Plateau potato farmers trained on blight prevention.
By Marie-Therese Nanlong.
Jos - Over 500 commercial and subsistence potatoes farmers from seven potatoes producing local government areas in Plateau state have been trained on modern steps to be taken in cultivating, harvesting and selling of the crop for better profits, food security and improved revenue base.
The one day training workshop for the potatoes farmers from Bassa, Jos East, Jos South, Riyom, Barkin Ladi, Bokkos and Mangu was organized yesterday by a Plateau State-based mechanized potatoes farming company, Vicampro and tagged: "How to prevent potato blight."
Addressing the participants at the event in Jos, the Chief Executive Officer of Vicampro, Mr. Michael Agbogo said the workshop was necessary as farmers have suffered much losses in the past four years as the result of blight in their farms.
He added that in order to prevent blight, ensure better yield, improve quality and increase the availability of potato in commercial quantity for the Nigerian markets and beyond, there was need for both commercial and subsistence potatoes farmers to be exposed to new approaches and techniques in the cultivation of the crop.
The farmers were however taken through other sub-topics like "how to fight blight, contact versus systematic fungicides, irrigation farming and financial impact of bight on the economy", exposed to ways of getting helps in case of any outbreak in their farms even as a documentary on potentials of potatoes was also shown to them.

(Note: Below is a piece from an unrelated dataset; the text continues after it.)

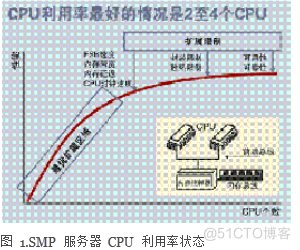 SMP 架构有哪些 arm smp体系_数据库_02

Speaking on the reason for the workshop, the CEO stressed, "Plateau state has these local government areas producing potato in commercial quantity, already, we see a large portion of the world suffering from starvation. Vicampro is part of the solution to provide food security for Nigeria and the world.
"We believe these farmers can take the lead in food supply and ensure food security if they play their part well by knowing how to reposition and adopt modern methods in cultivating and harvesting the crop."
Meanwhile, a participant, Mrs. Hannah Dung expressed joy at having the opportunity to attend the workshop saying, "potato is a perishable crop, once we invest our money and then have blight in your farm, it could be frustrating but the workshop is timely because it has exposed us to new techniques in managing the crop and even how to get good market for your produce.
"This is also an avenue for us the farmers to network and learn new things from your colleagues in other local government areas. We also have a way of getting improved variety which will improve our output, the initiative is highly commendable."
There was a goodwill message from the State Ministry for Agriculture and the farmers were encouraged to put into practice the knowledge gained at the workshop.